▶ [What needs to be done] The lines to repeat are those below from the one containing "Festvorbereitung MV Tag auf dem Markt" down to the one containing "1495 Se PARKWOOD Dr, Roseburg, OR 97470", both included; reproduce them exactly and nothing else.

[[ Information supplied open ]]

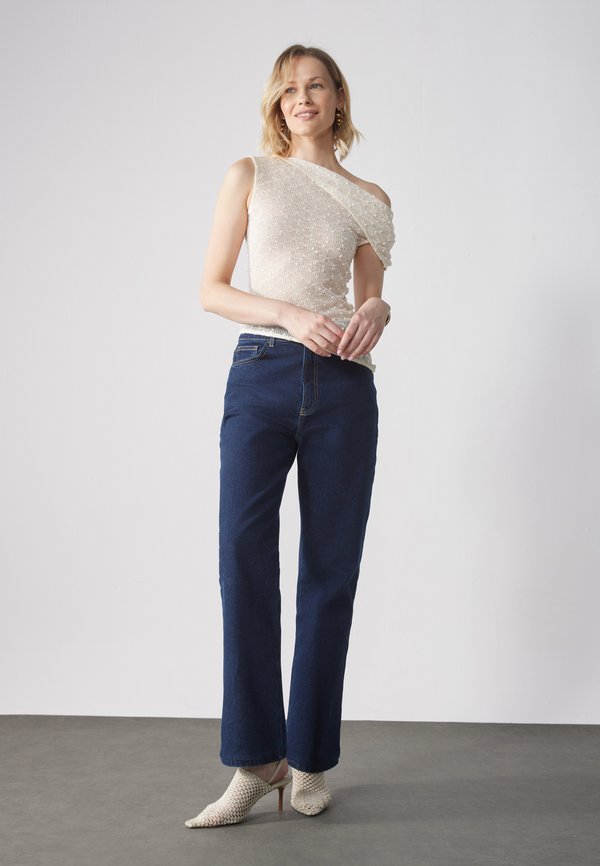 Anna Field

[[ Information supplied closed ]]
[[ Information supplied open ]]

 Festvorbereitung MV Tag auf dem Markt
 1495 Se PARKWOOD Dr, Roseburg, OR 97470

[[ Information supplied closed ]]

▶ [Answer to this problem]
 Festvorbereitung MV Tag auf dem Markt
 1495 Se PARKWOOD Dr, Roseburg, OR 97470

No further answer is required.